=== THE PROBLEM ===
The result should be the lines from the one that contains "1950 Pontiac SilverStreak - photo 5" to the final line of the entries below, copied exactly and with no pictures.

Caption-style text data
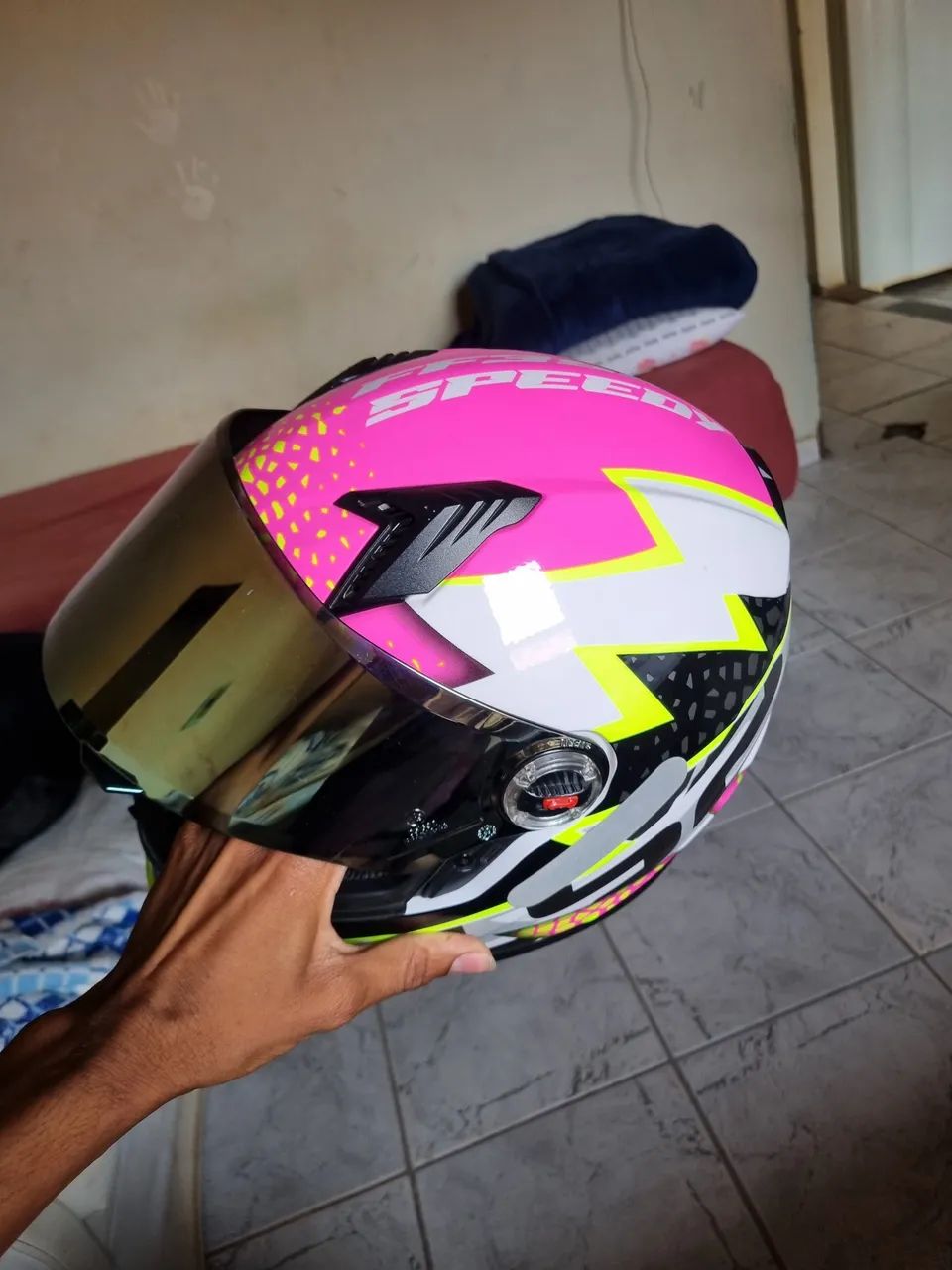 Ls2 semi novo n58 - Foto 2
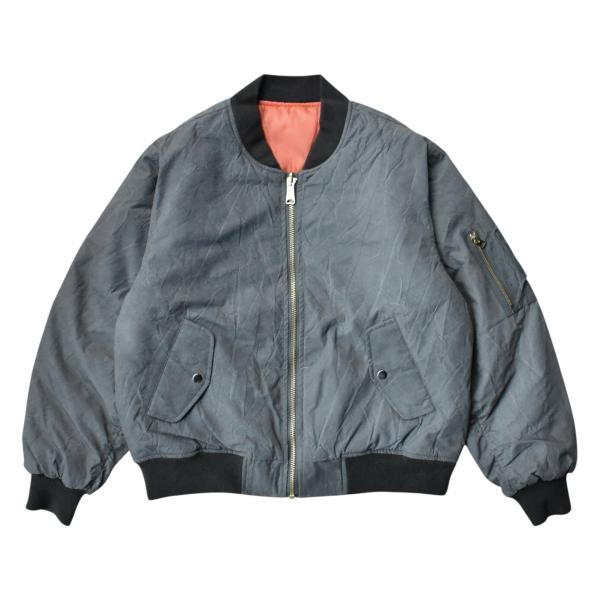 RAWDRIP Original 3M Thinsulate MA-1 Jacket - Black...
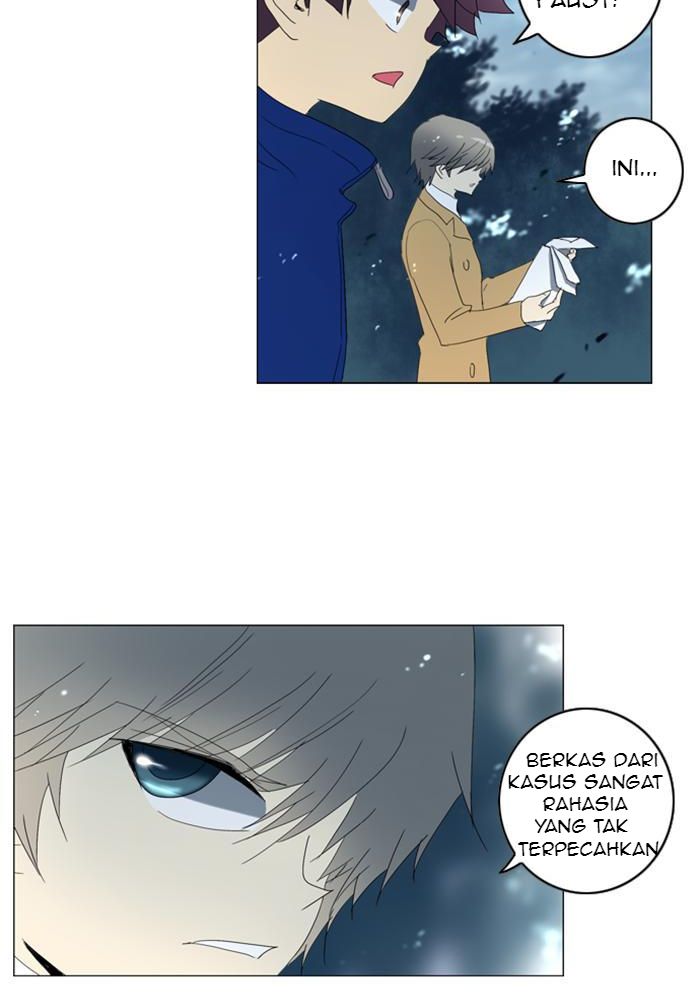 Soul Cartel Chapter 60 - halaman 6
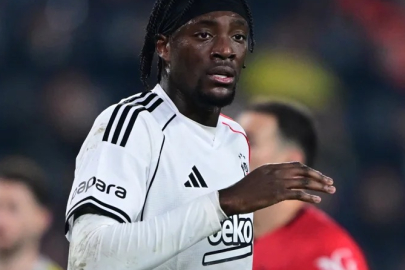 Ve Beşiktaş'ta rekor bonservisle ayrılık!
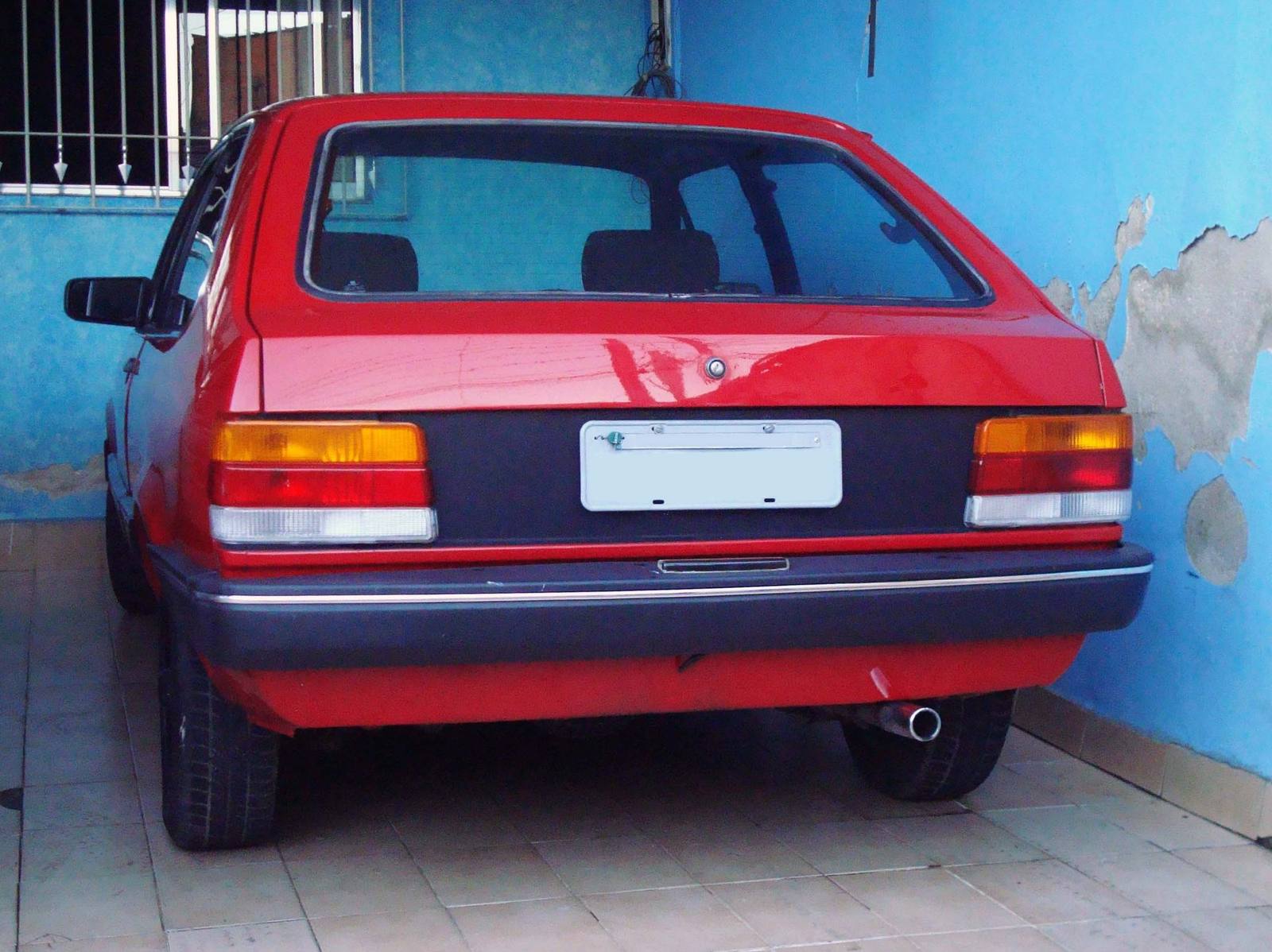 Chevette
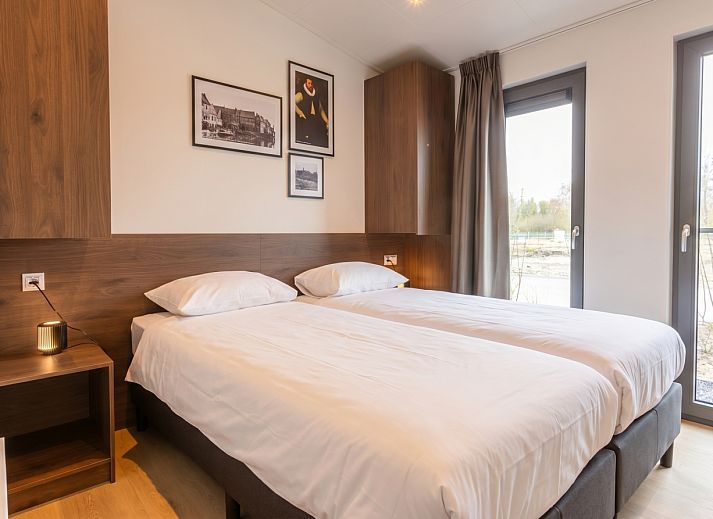 Guest house 461255 - Holiday property IJsselmeerkust - «Cube Split» Geschakeld 12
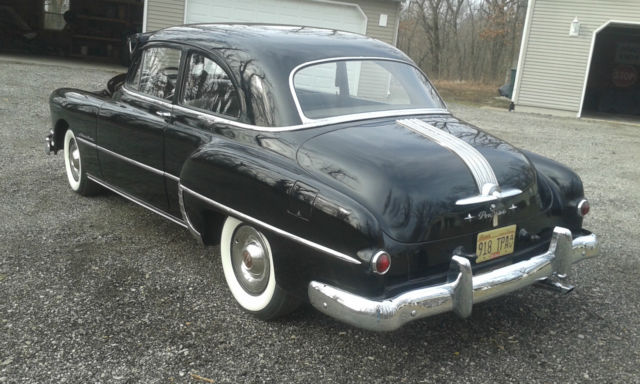1950 Pontiac SilverStreak - photo 5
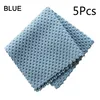 blue 5pcs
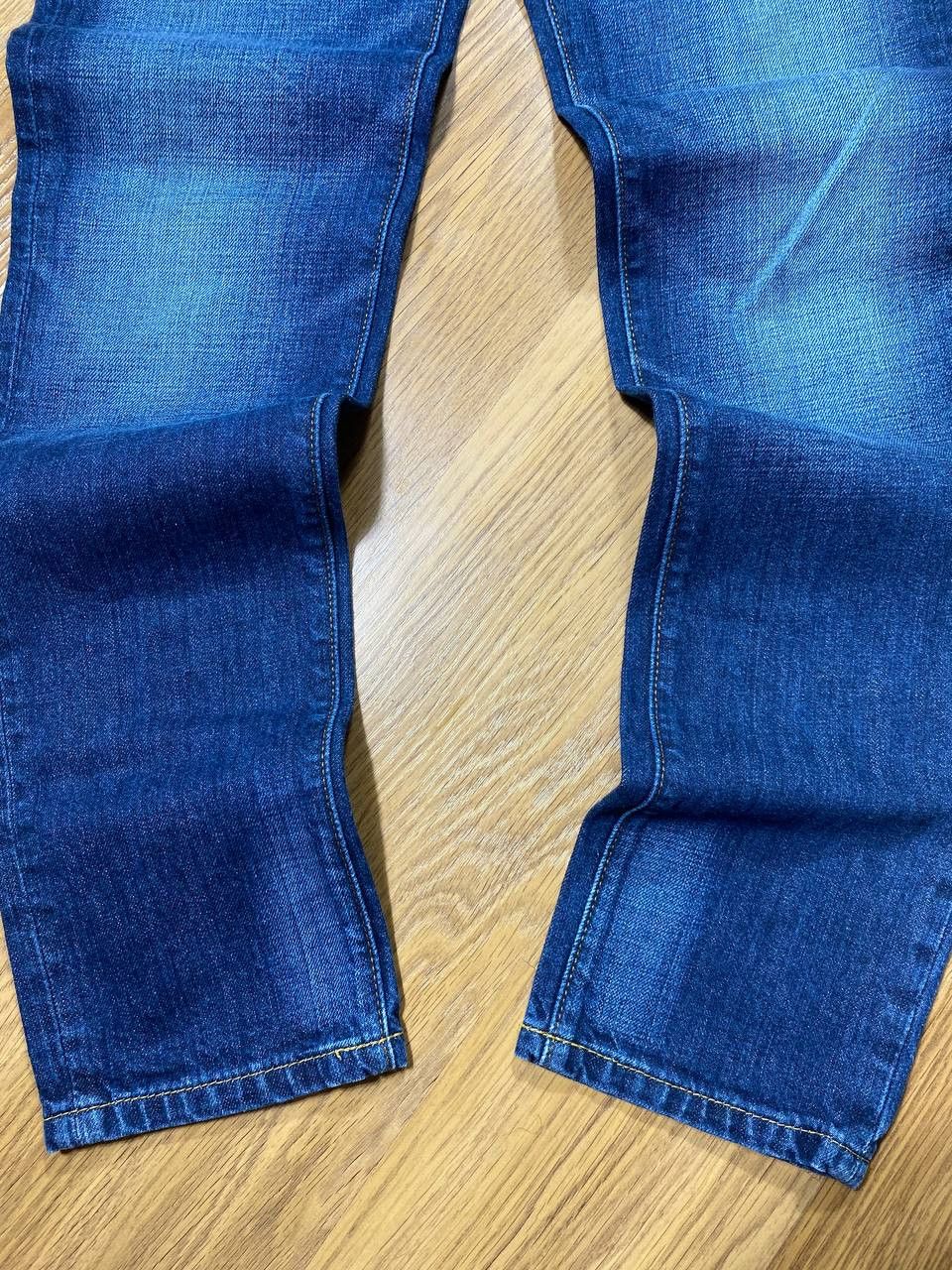 Quiksilver Quiksilver Regular Fit Jeans Y2K Men’s Size 28 Relaxed Fit Size US 28 / EU 44 - 8 Thumbnail
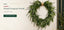 J6080XW60 Christmas B2B product hero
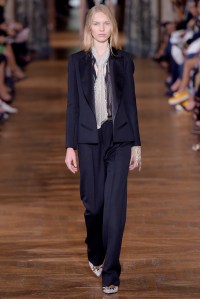 Lanvin RTW Spring 2017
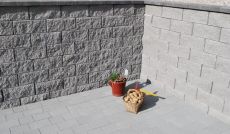 Betonski cepljeni zidaki | Cementni izdelki Jarc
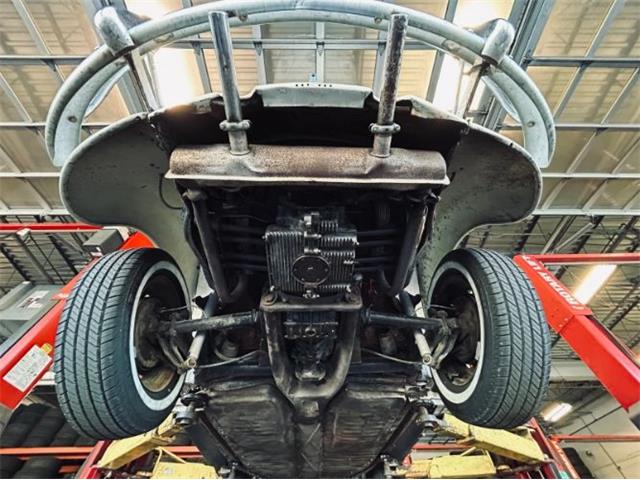 1966 Volkswagen Beetle (CC-2098323) for sale in Cadillac, Michigan
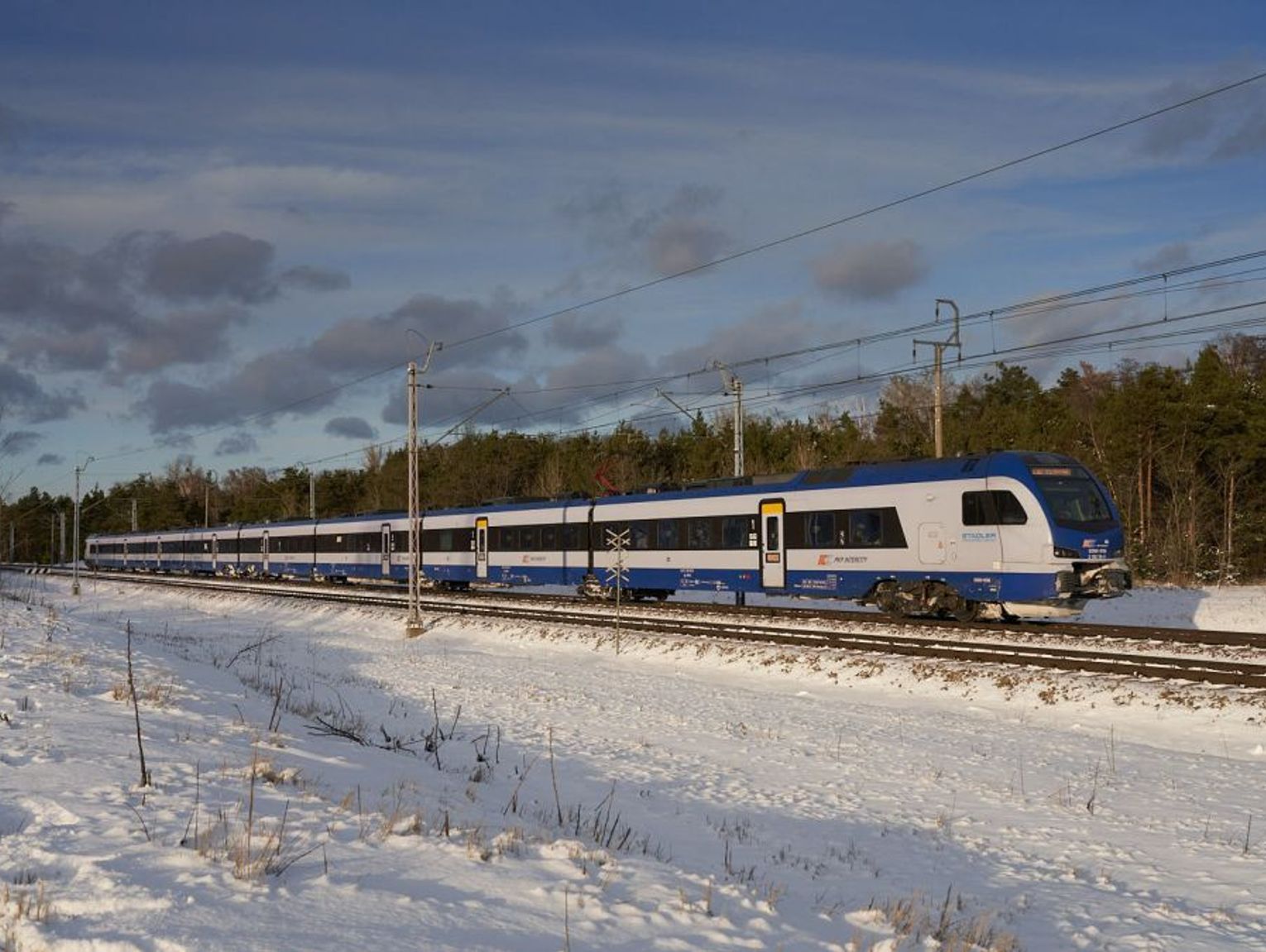 W niedzielę zmiana rozkładu jazdy na kolei. Lepiej sprawdzić przed podróżą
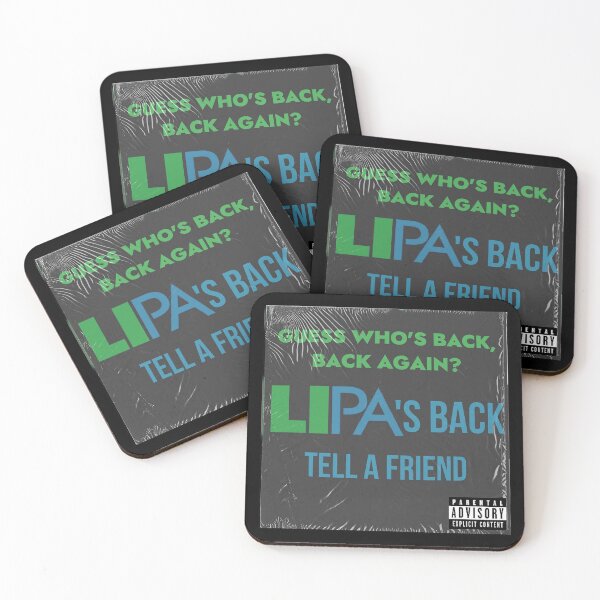 Item preview, LIPAs Back designed and sold by RL-Worx.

=== TASK SOLUTION ===
1950 Pontiac SilverStreak - photo 5
 blue 5pcs
 Quiksilver Quiksilver Regular Fit Jeans Y2K Men’s Size 28 Relaxed Fit Size US 28 / EU 44 - 8 Thumbnail
 J6080XW60 Christmas B2B product hero
 Lanvin RTW Spring 2017
 Betonski cepljeni zidaki | Cementni izdelki Jarc
 1966 Volkswagen Beetle (CC-2098323) for sale in Cadillac, Michigan
 W niedzielę zmiana rozkładu jazdy na kolei. Lepiej sprawdzić przed podróżą
 Item preview, LIPAs Back designed and sold by RL-Worx.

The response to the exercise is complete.